A variety of soil samplers exist to meet the needs of different engineering projects. The standard penetration test (SPT), which uses a thick-walled split spoon sampler, is the most common way to collect disturbed samples. Piston samplers, employing a thin-walled tube, are most commonly used for the collection of less disturbed samples. More advanced methods, such as ground freezing and the Sherbrooke block sampler, are superior, but even more expensive.
Atterberg limits tests, water content measurements, and grain size analysis, for example, may be performed on disturbed samples obtained from thick walled soil samplers. Properties such as shear strength, stiffness hydraulic conductivity, and coefficient of consolidation may be significantly altered by sample disturbance. To measure these properties in the laboratory, high quality sampling would required. Common tests to measure the strength and stiffness include the triaxial shear, unconfined compression test.
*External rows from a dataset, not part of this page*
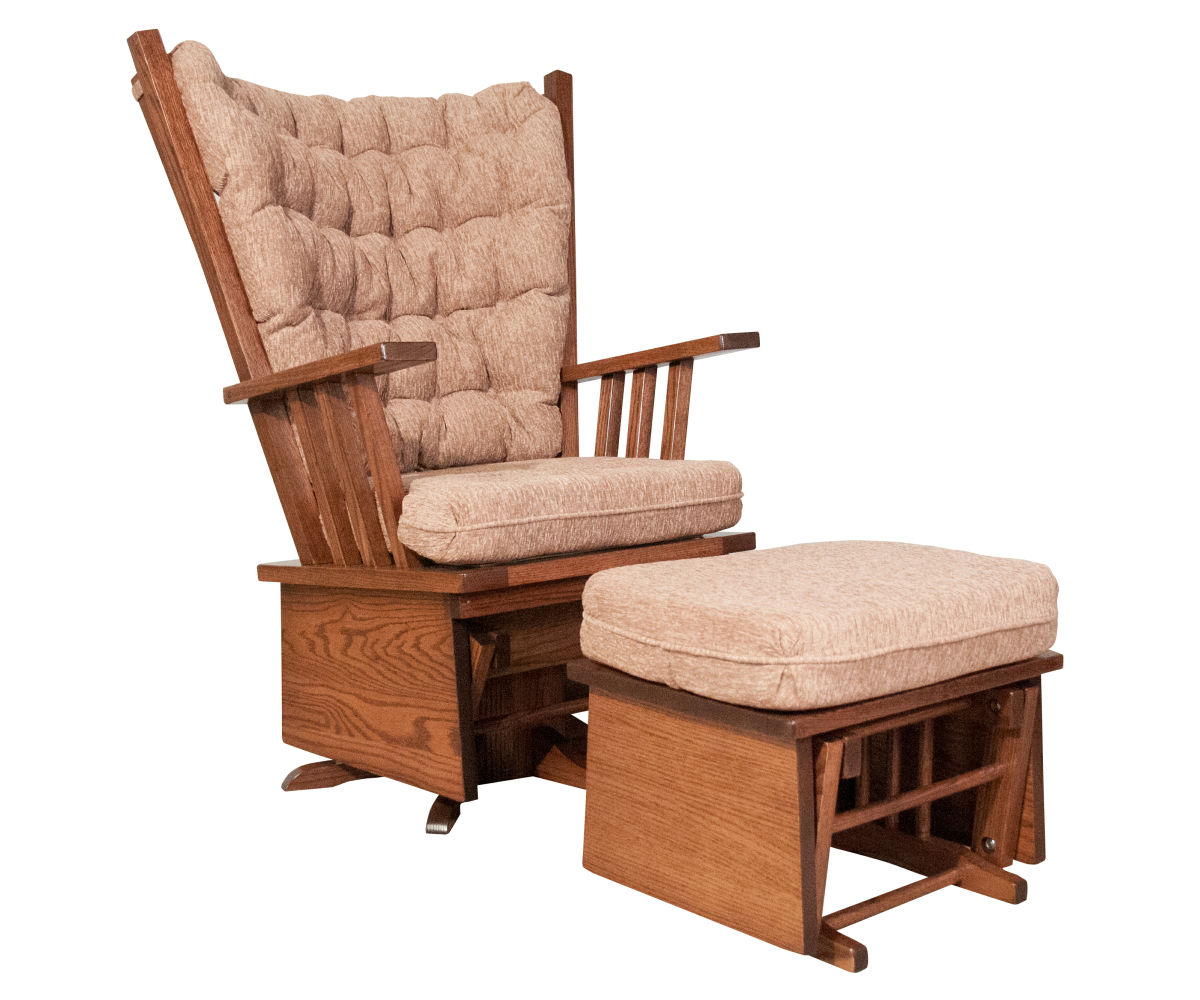296 Swivel Glider and Mission Ottoman Hardwood Creations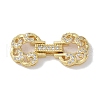 Rack Plating Brass Micro Pave Clear Cubic Zirconia Fold Over Clasps KK-NH0002-03B-G-1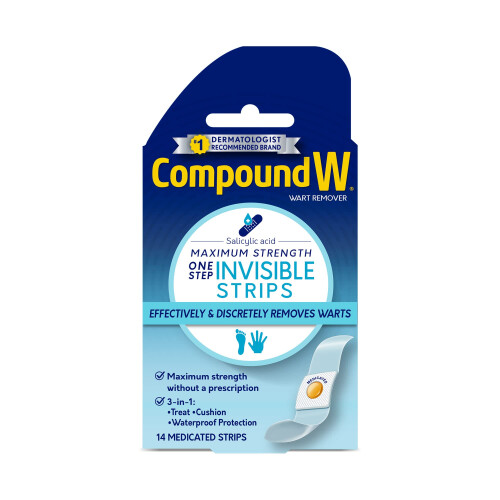 Compound W Maximum Strength One Step Invisible Wart Remover Strips  14 CT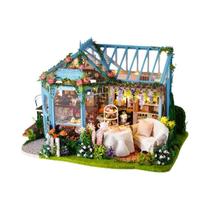 Mini Casa De Bonecas Com Luz LED DIY, Quebra-Cabeça 3D, Modelo De Montagem De Pequena Casa,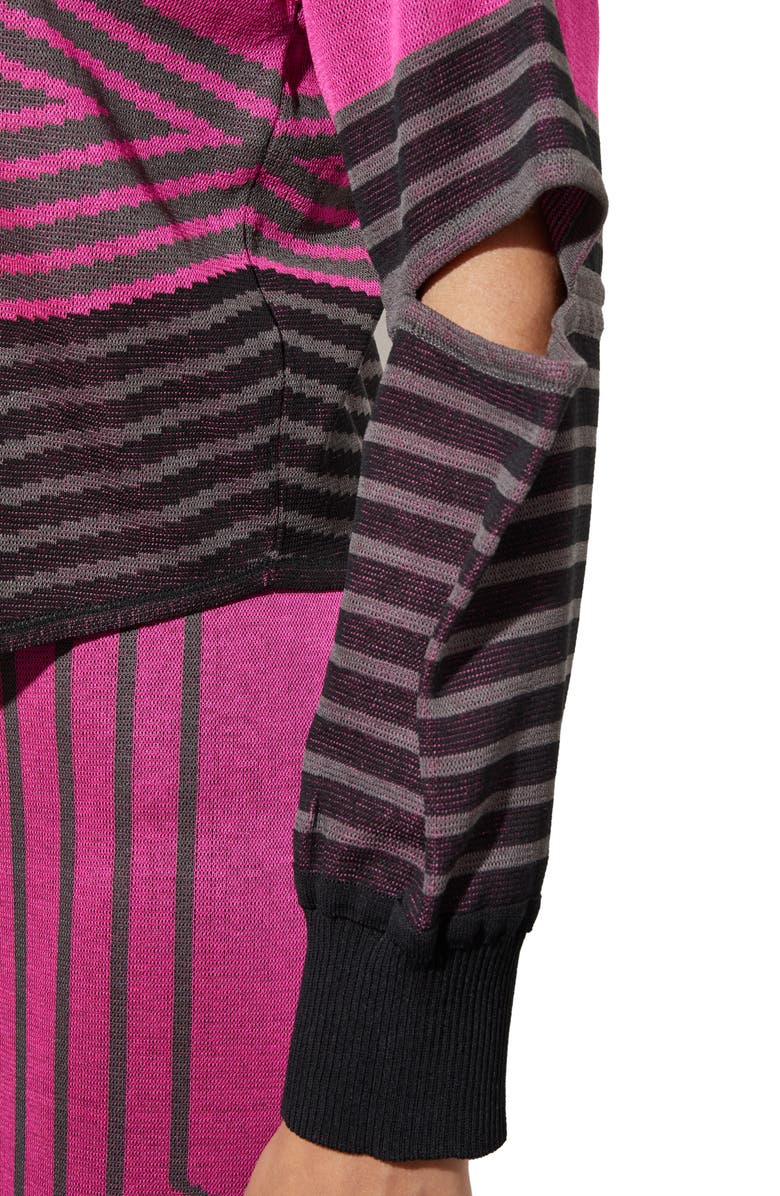 Ming Wang Stripe Asymmetric Split Sleeve Sweater, Alternate, color, 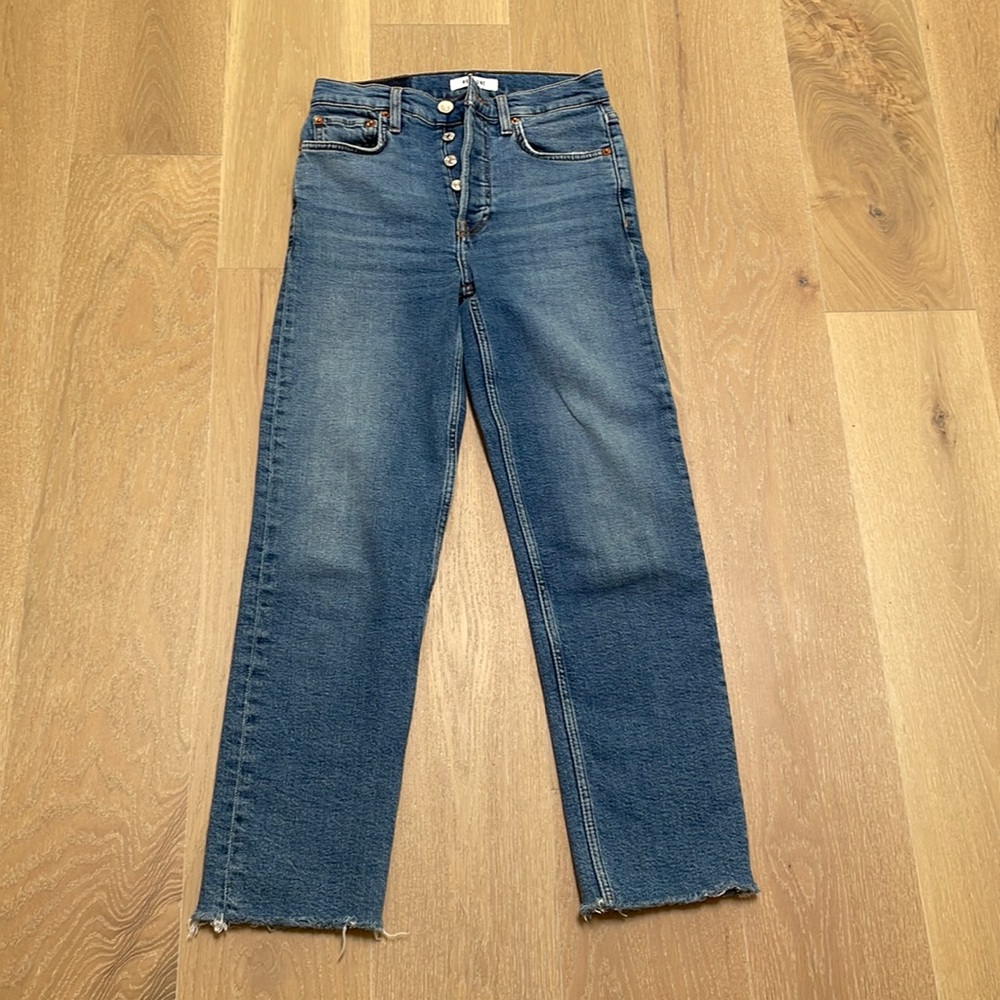 Re/Done classic stovepipe ankle length medium blue jeans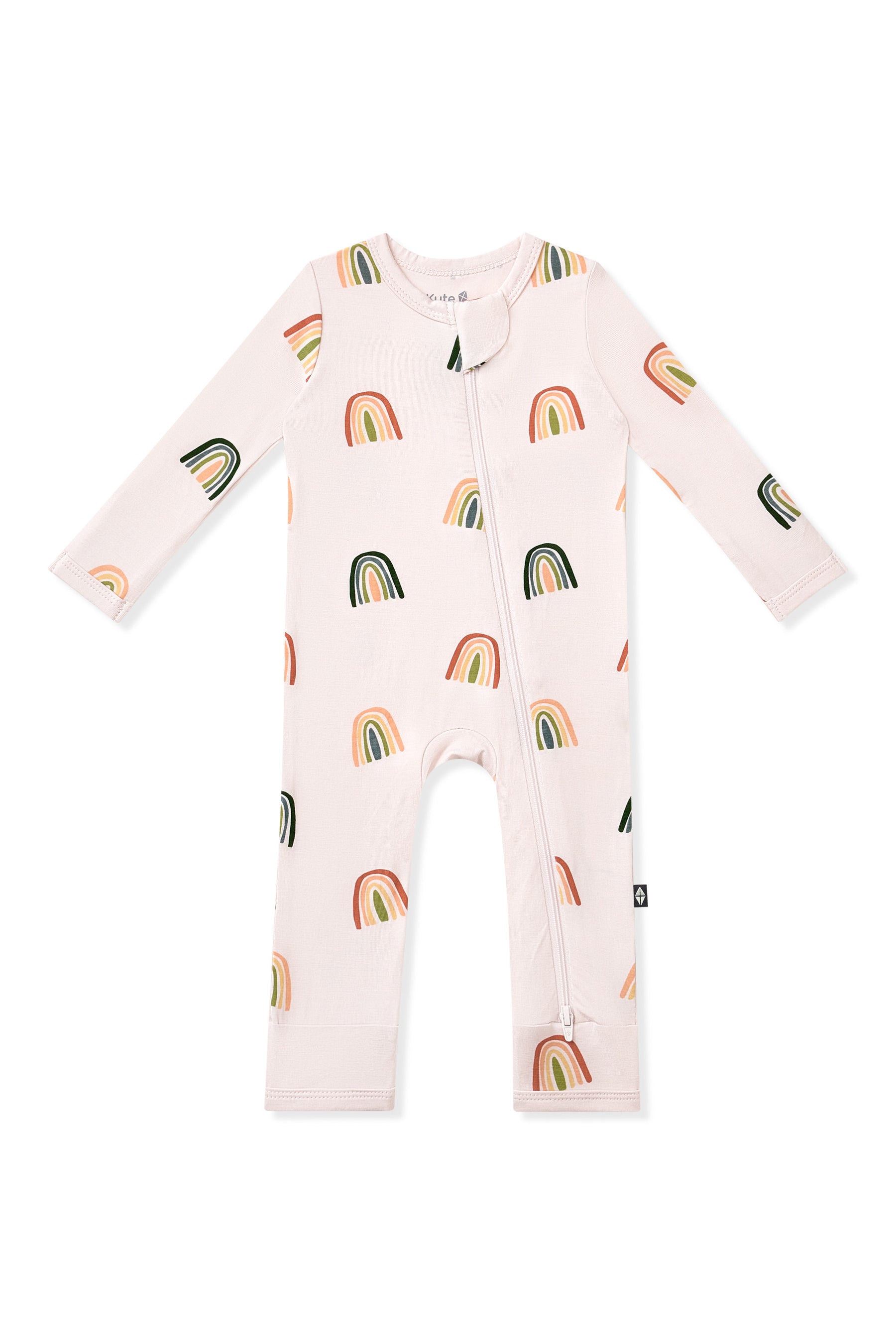 Vanilla Cream Zippered Romper in Retro Rainbow print on a white background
Surface exploration can include geologic mapping, geophysical methods, and photogrammetry, or it can be as simple as an engineer walking around on the site to observe the physical conditions at the site. Geologic mapping and interpretation of geomorphology is typically completed in consultation with a geologist or engineering geologist.
Geophysical exploration is also sometimes used; geophysical techniques used for subsurface exploration include measurement of seismic waves (pressure, shear, and Rayleigh waves), using surface-wave methods and/or downhole methods, and electromagnetic surveys (magnetometer, resistivity, and ground-penetrating radar).